ステップST8で、制御手段81は、カウンタのカウント値「n」が基準値を超えているか否かを判定する。基準値は、離間制御及びテスト制御を再度実施する回数を決定するものであり、この例では、基準値に「3」を設定し、離間制御及びテスト制御を再度実施する回数を3回に設定している。カウント値「n」が基準値「3」以下であれば、ステップST4に移行して離間制御を実施すると共にステップST5に移行してテスト制御を再度実施する。また、カウント値「n」が基準値「3」より大きければ、離間制御及びテスト制御を終了する。このように、離間制御及びテスト制御を再度実施する回数に制限を持たせている。

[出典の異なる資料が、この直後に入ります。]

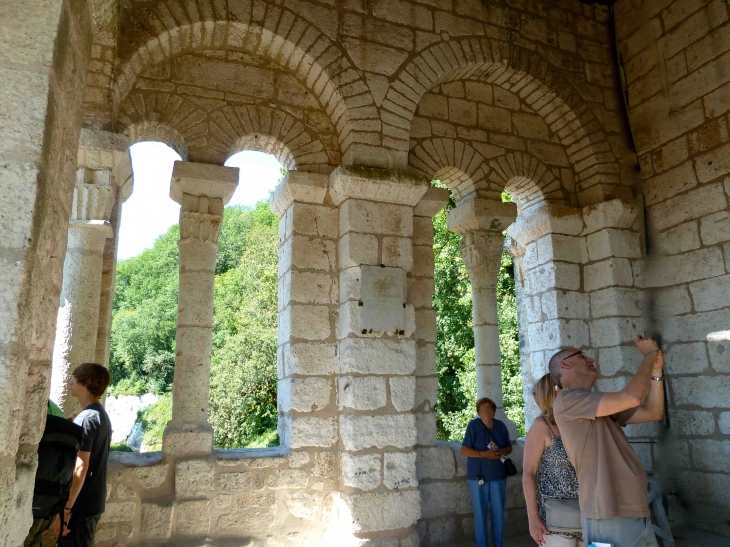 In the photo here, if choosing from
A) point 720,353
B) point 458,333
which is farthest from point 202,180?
point 458,333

なお、ステップST6,ST8で、短絡が解消されずに再度短絡の解消を試みる場合、離間制御を実施するステップST4に移行せずに、ステップST5に移行して再度のテスト制御を実施してもよい。例えば、加工屑Uが介在して短絡した場合、自然に加工屑Uが除去されて短絡が解消することがあるので、離間制御後に短絡と判別されたとしても直ぐに離間制御に移行せずに、再度のテスト制御を実施することが有効である。この場合、離間制御を実施せずに短絡が解消するので、インゴットIをワイヤRから離間させる処理が不要になり、加工時間を短縮できる。再度のテスト制御を実施しても短絡が解消されなければ、ステップST4に移行して離間制御を実施する。
短絡した原因が放電ギャップGがゼロになった場合や、加工屑Uが自然に除去されない場合は、離間制御を実施せずに再度のテスト制御を実施しても短絡が解消されないので、再度のテスト制御を実施せずに、直ぐに離間制御を実施したほうが加工時間を短縮できる。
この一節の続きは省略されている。